North Texas woman granted clemency by President Obama
A North Texas woman sentenced to life in prison for drug charges is now a free woman, thanks to President Obama. But some wonder if she was punished too severely considering she was a first time offender.
For 16 years and 9 months, Sharanda Jones sat in a federal prison.
“Those years was really dark for me because I left an 8-year-old daughter behind, and that was the most heartbreaking thing out of it all,” said Jones.
Jones said she was the middle person between two drug dealers and would travel to get cocaine powder for the dealers. She had never been arrested until 1999 when she was charged with conspiracy to distribute crack cocaine.

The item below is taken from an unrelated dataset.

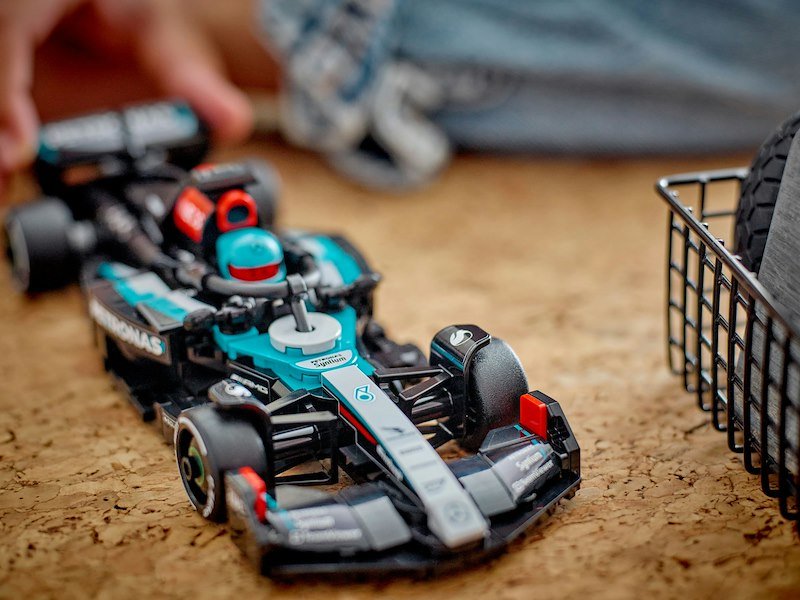 Lego Speed Champions Auto da corsa Mercedes-AMG F1 W15 77244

“At the age of 3, my mom was in an auto accident. Our life was really downhill after that. We just didn’t have a lot of money,” Jones explained. “That was the only thing I could think of at the time that was going fast that I could help out.”
She was sentenced under federal guidelines to life in prison with no parole, what she considered the same as a death sentence.

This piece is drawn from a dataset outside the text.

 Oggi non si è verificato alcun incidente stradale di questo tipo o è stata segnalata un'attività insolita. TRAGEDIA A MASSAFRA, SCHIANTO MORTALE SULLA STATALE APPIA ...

“Thank God Brittany came into my life, and she was a light for me and became my voice,” Jones said.
Brittany Barnett-Byrd was then a student at SMU. She said she randomly came across Jones’ case when she was in law school writing a paper about the disparities in crack cocaine and powder cocaine sentencing
“At the time, crack cocaine was punished a hundred times more than powder cocaine,” Barnett-Byrd explained. “Sharanda was sentenced under the harsher penalties.”
Former federal judge Joe Kendall said the idea was to take disparity out of prison sentencing.
“The judge was wedded in the 90s to the federal sentencing guidelines,” he explained.
Kendall was appointed to the federal bench by George Bush in 1994 and to the sentencing commission by Bill Clinton in 1999, but in no way is connected to jones.
“The pendulum swung so far that the guidelines became draconian,” said Jones. “And now the pendulum is swinging back.”
“I filed the petition in November 2013,” said Barnett-Byrd. “December 2015, we received the elating news that Sharanda Jones was going to be set free.”
“It was a smiling moment at first, and then it was a praising and thanking God the second,” said Jones.
But Jones agrees she should have goon to prison for dealing in illegal drugs.
“I should have went to prison,” Jones said. “I just didn’t deserve a death sentence.”
Barnett-Byrd has secured clemency now for three people and a fourth in the pipeline. She says there are 2,000 other people in federal prison like Jones. And she's left her corporate attorney job to pursue criminal justice reform
“Our system is broken,” said Barnett-Byrd. “And there’s a lot of work that needs to be done.”